Re: a core for every user, lots of users... are there issues

2013-12-04 Thread hank williams
Ok one more simple question. We just upgraded to 4.6 from 4.2. In 4.2 we
were *trying* to use the rest API function create to create cores without
having to manually mess with files on the server. Is this what create was
supposed to do? If so it was borken or we werent using it right. In any
case in 4.6 is that the right way to programmatically add cores in
discovery mode?


On Tue, Dec 3, 2013 at 7:37 PM, Erick Erickson erickerick...@gmail.comwrote:

 bq: Do you have any sense of what a good upper limit might be, or how we
 might figure that out?

 As always, it depends (tm). And the biggest thing it depends upon is the
 number of simultaneous users you have and the size of their indexes. And
 we've arrived at the black box of estimating size again. Siiihh... I'm
 afraid that the only way is to test and establish some rules of thumb.

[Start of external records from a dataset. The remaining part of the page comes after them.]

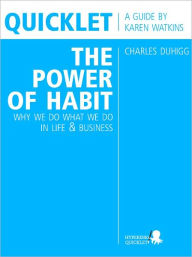 Title: Quicklet on Charles Duhigg's The Power of Habit: Why We Do What We Do in Life and Business, Author: Karen Watkins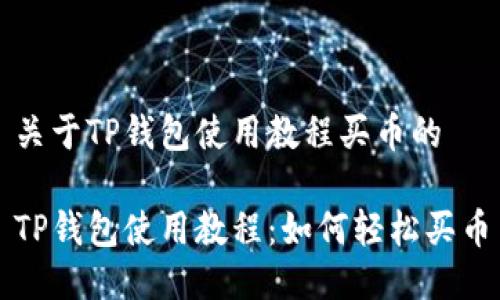关于TP钱包使用教程买币的

TP钱包使用教程：如何轻松买币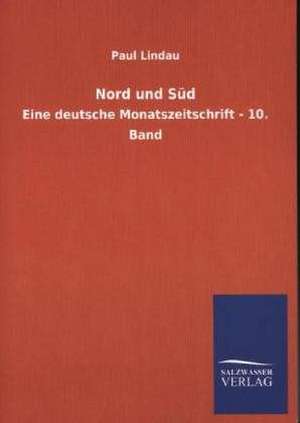 Nord Und Sud: Mit Ungedruckten Briefen, Gedichten Und Einer Autobiographie Geibels de Paul Lindau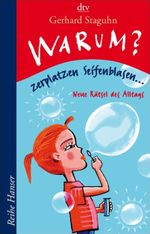 Warum zerplatzen Seifenblasen? Cover des Buches Warum zerplatzen Seifenblasen? (ISBN: 9783423622912)
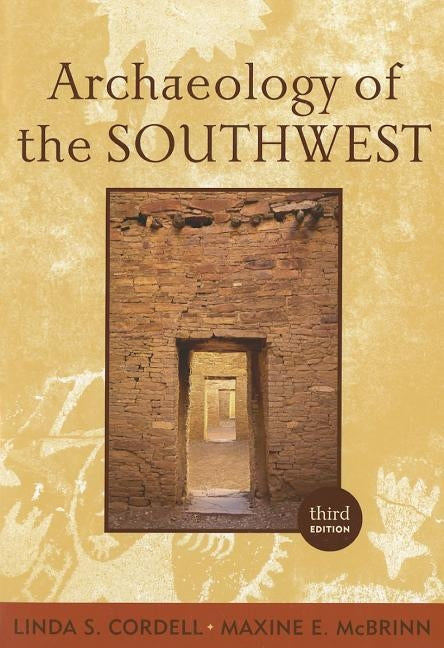 Archaeology of the Southwest by McBrinn, Maxine E.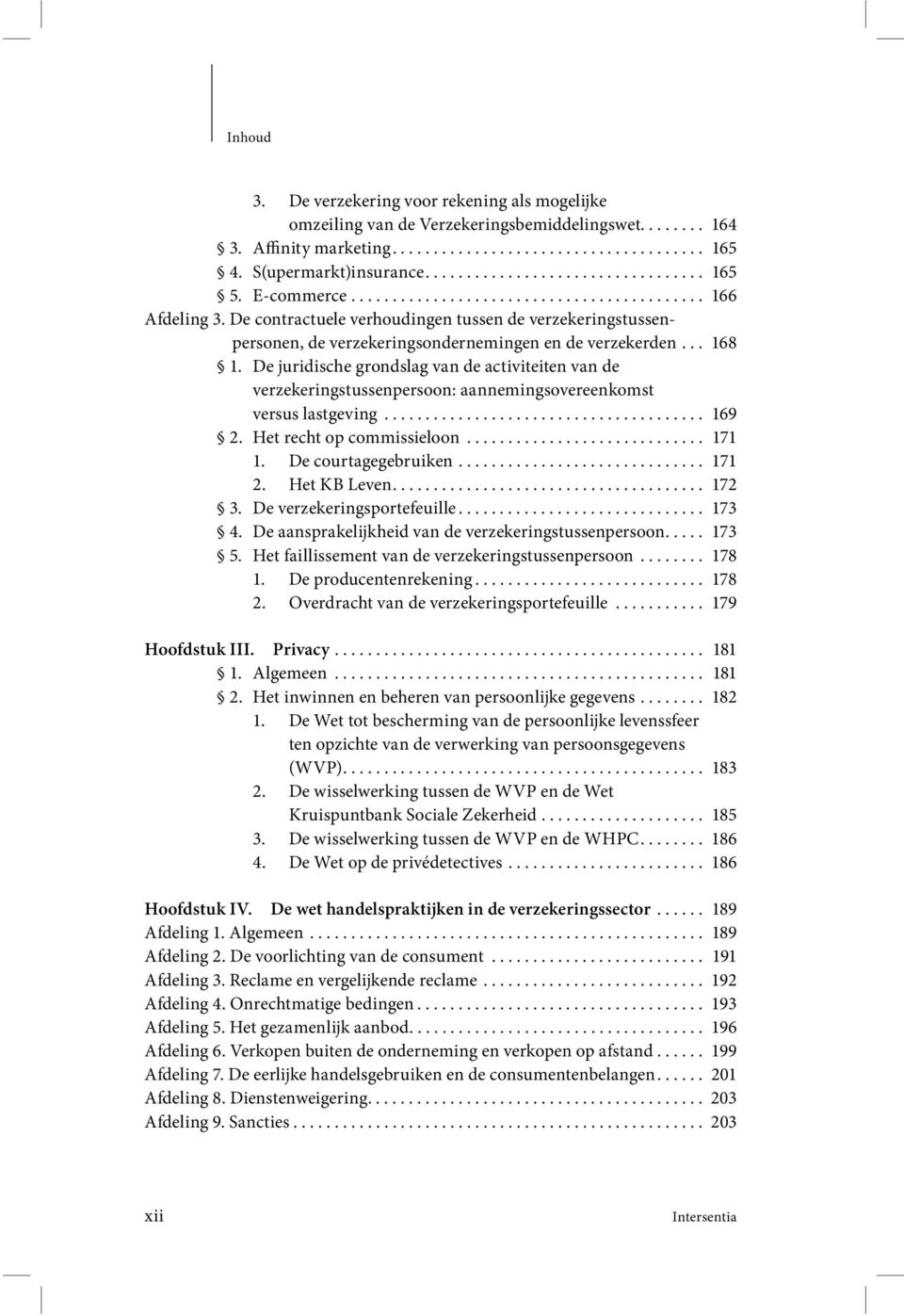 De juridische grondslag van de activiteiten van de verzekeringstussenpersoon: aannemingsovereenkomst versus lastgeving....................................... 169 2. Het recht op commissieloon............................. 171 1.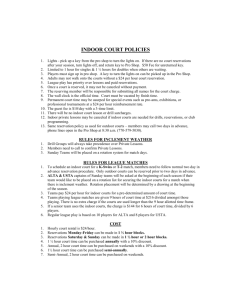 Indoor Court Policy - Olde Towne Athletic Club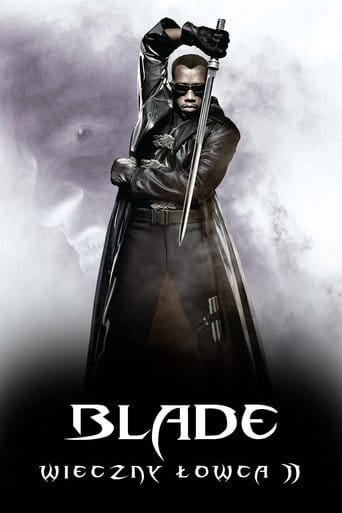 Blade: Wieczny łowca 2 Cały Film - Vider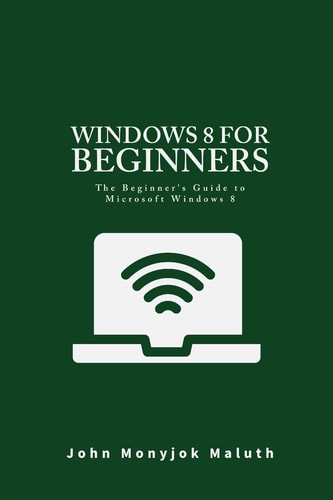 Windows 8 For Beginners The Beginner's Guide to Microsoft Windows 8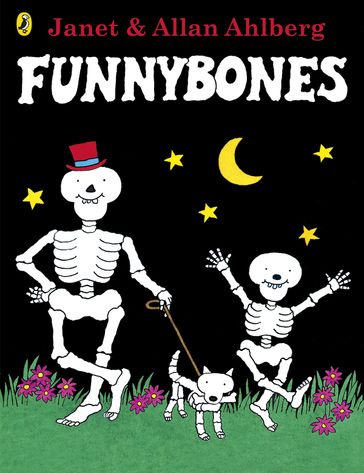 Funnybones - Allan Ahlberg - Janet Ahlberg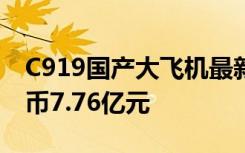 C919国产大飞机最新价格曝光！单价约人民币7.76亿元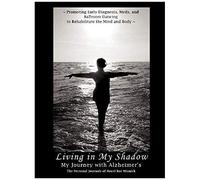 Living In My Shadow, My Journey With Alzheimer's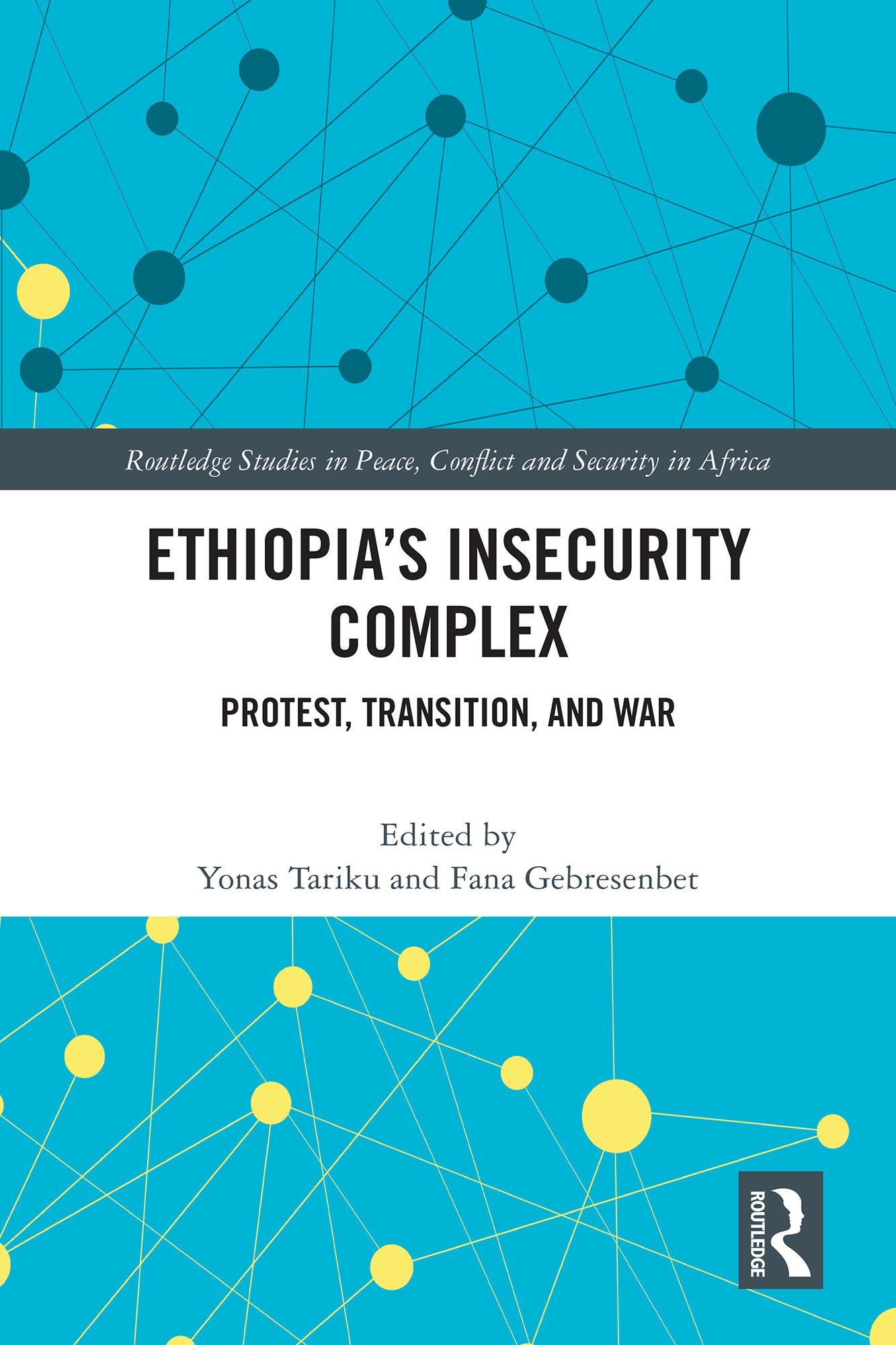 Ethiopia's Insecurity Complex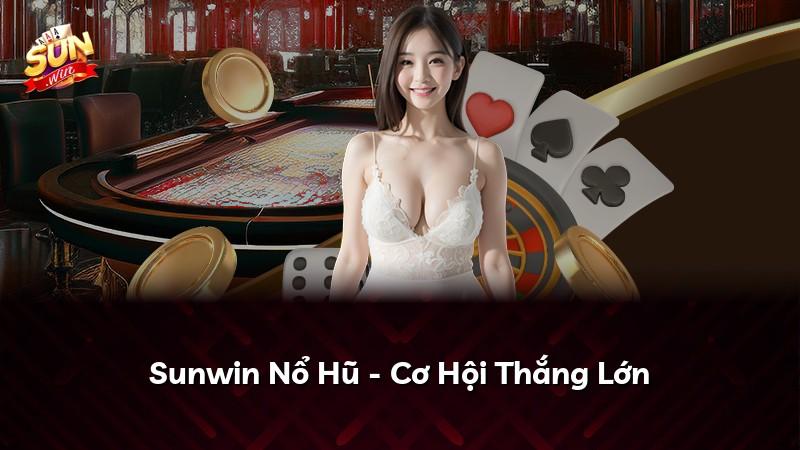 Sunwin Nổ Hũ - Cơ Hội Thắng Lớn
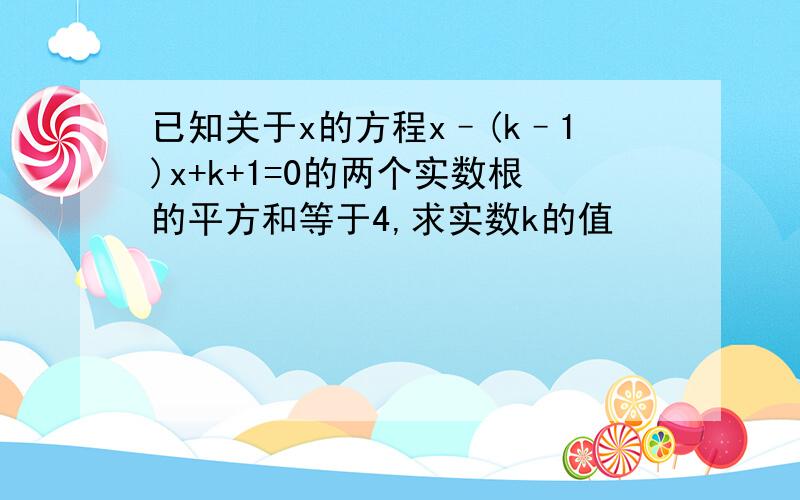 已知关于x的方程x–(k–1)x+k+1=0的两个实数根的平方和等于4,求实数k的值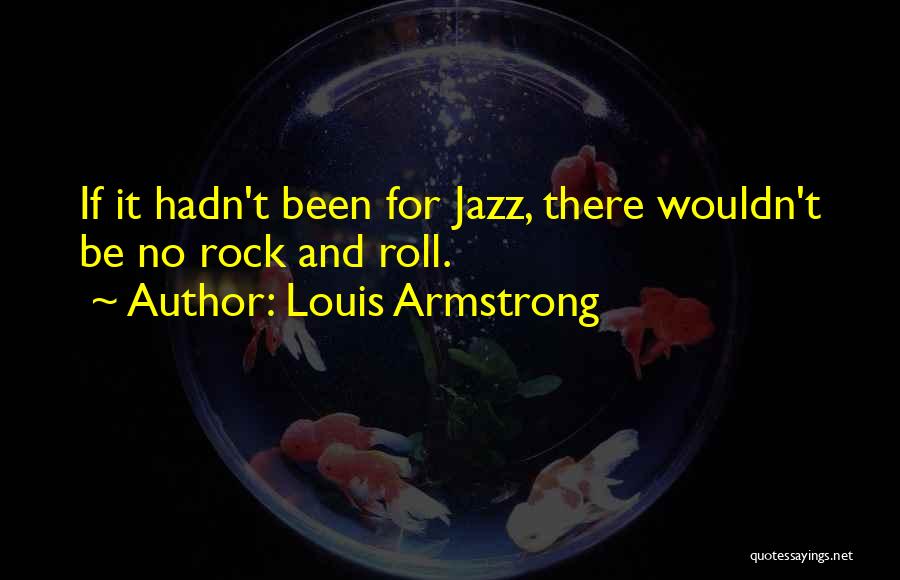 Louis Armstrong Quotes 1718841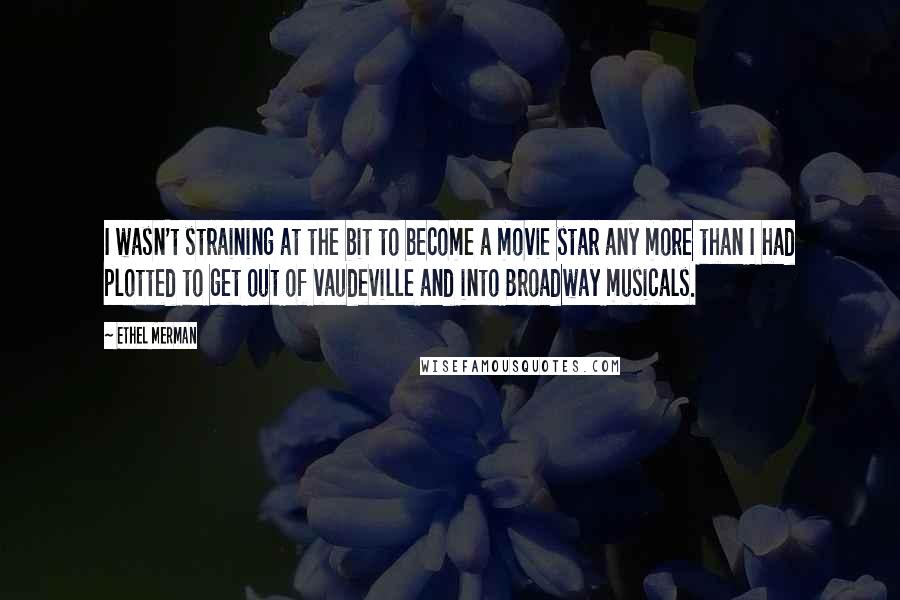 Ethel Merman quotes: I wasn't straining at the bit to become a movie star any more than I had plotted to get out of vaudeville and into Broadway musicals.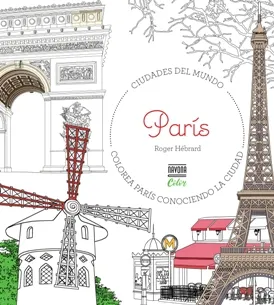 PARIS -COLOREA CIUDADES DEL MUNDO-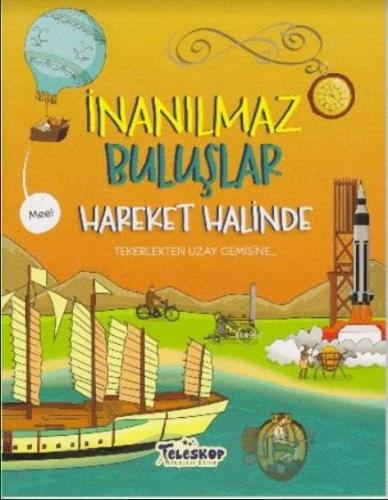 İnanılmaz Buluşlar - Hareket Halinde | Matt Turner | Teleskop Yayınlar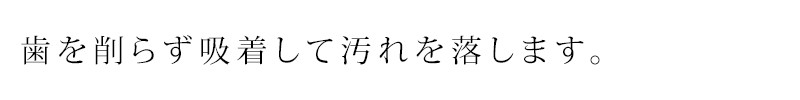 歯を削らず吸着して汚れを落します。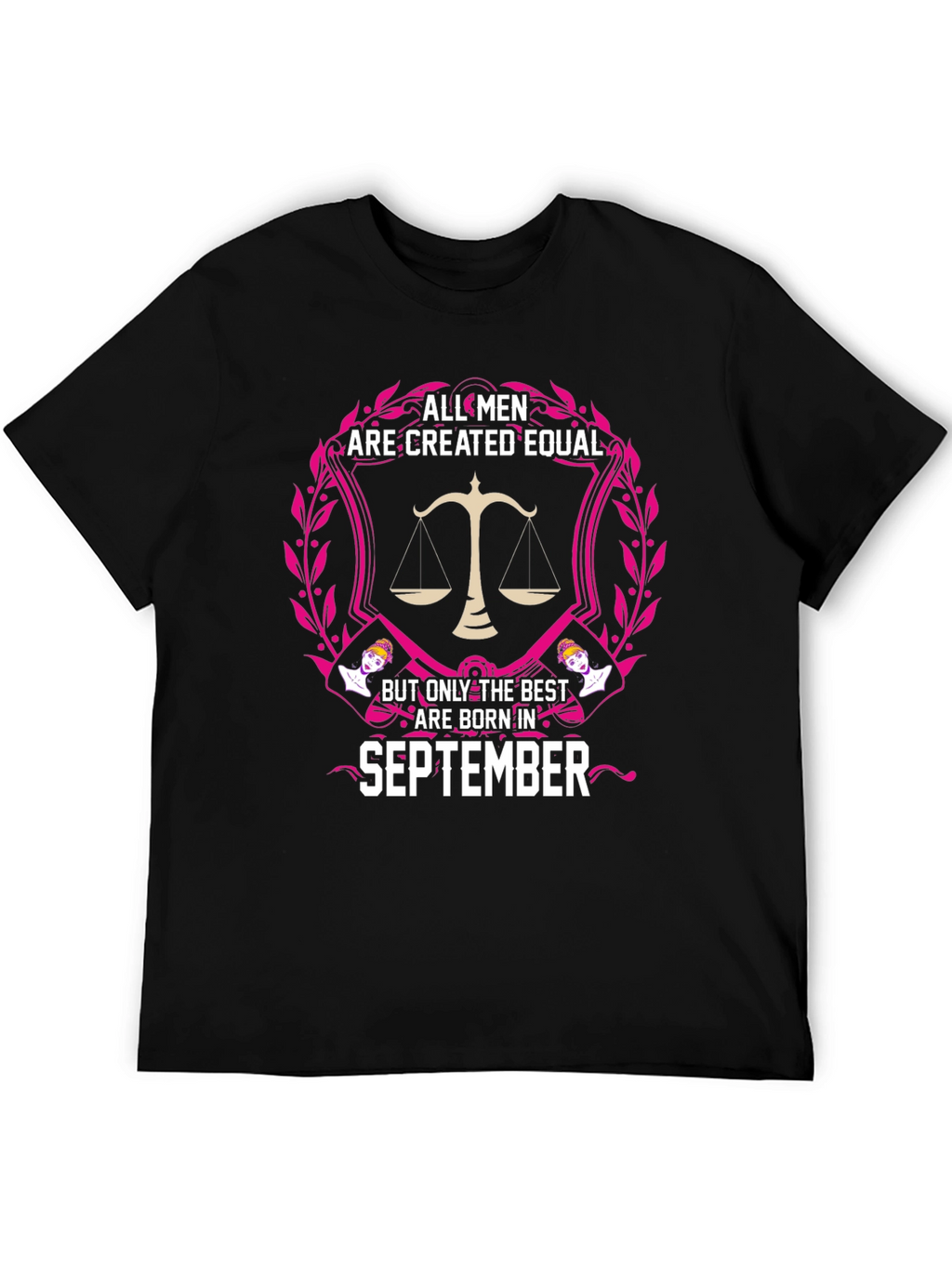All Men are Created Equal September T-Shirt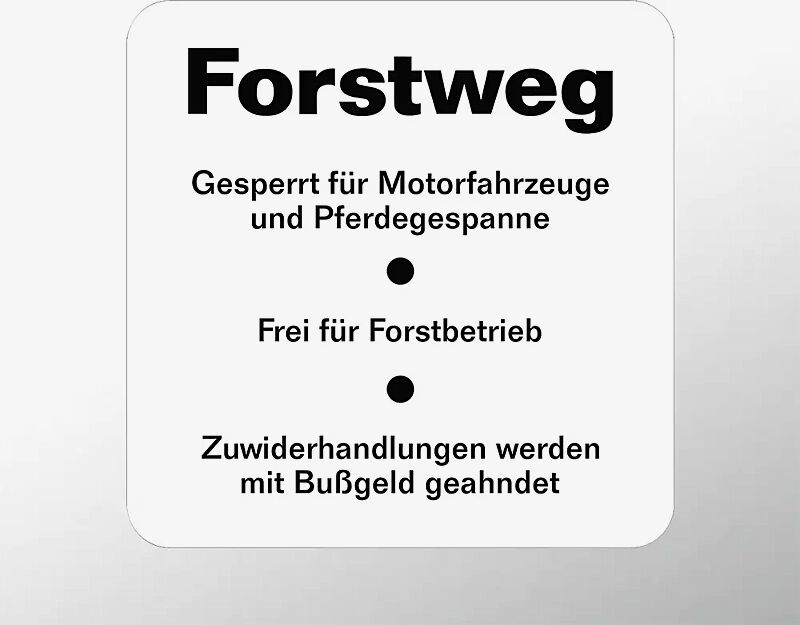 Hinweisschild: Forstweg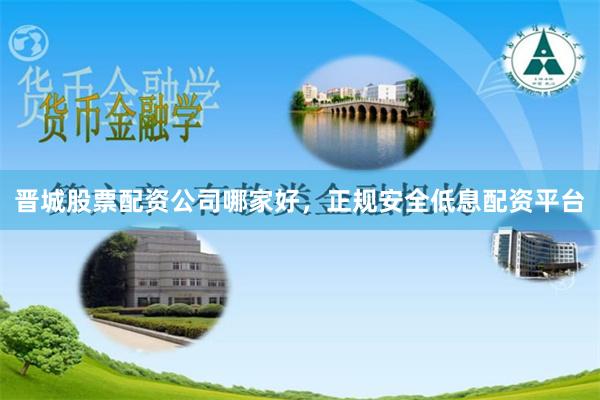 晉城股票配資公司哪家好,正規(guī)安全低息配資平臺(tái)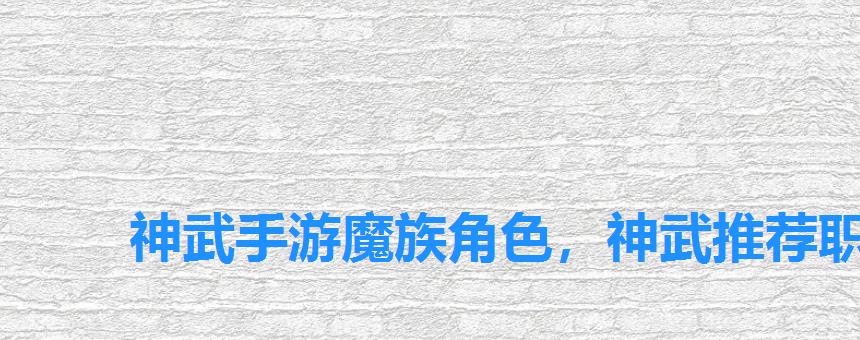 神武手游魔族角色,神武推荐职业 神武手游魔族角色,神武推荐职业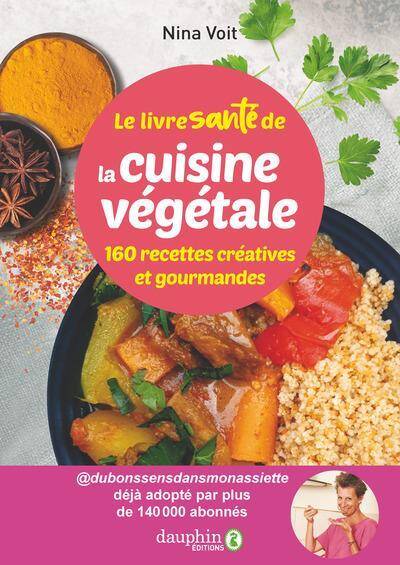 Le Livre Sante de la Cuisine Creative et Gourmande: 10 Recettes de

 The transient core constraint will limit the number of cores loaded at
 once. If you allow too many cores at once, you'll get OOM errors when all
 the users pile on at the same time.

 Let's say you've determined that 100 is the limit for transient cores. What
 I suspect you'll see is degrading response times if this is too low. Say
 110 users are signed on and say they submit queries perfectly in order, one
 after the other. Every request will require the core to be opened and it'll
 take a bit. So that'll be a flag.

 Or that's a fine limit but your users have added more and more documents
 and you're coming under memory pressure.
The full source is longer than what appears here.